### To do
Would you please copy all of the data exactly, skipping the images?

### Recorded data
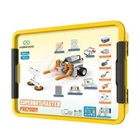 Конструктор Makerzoid Superbot Master Premium (MKZ-SPB-MS)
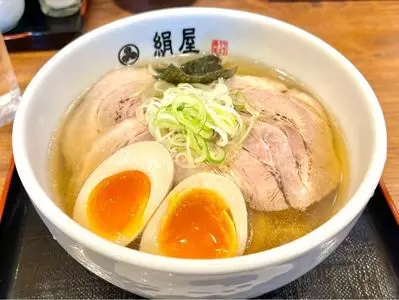 絹屋
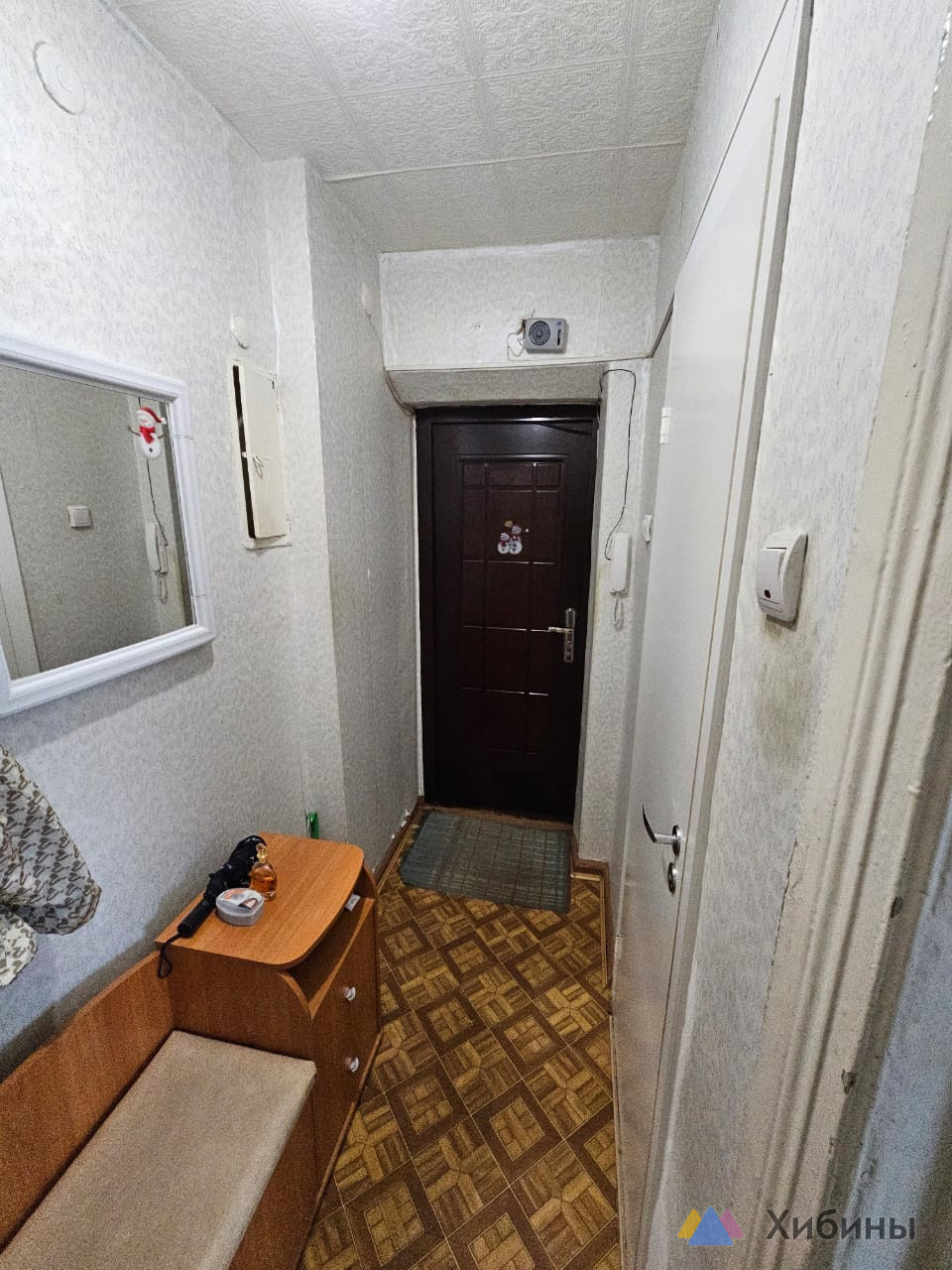 Продам 3-комнатную квартиру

### Task output
 Конструктор Makerzoid Superbot Master Premium (MKZ-SPB-MS)
 絹屋
 Продам 3-комнатную квартиру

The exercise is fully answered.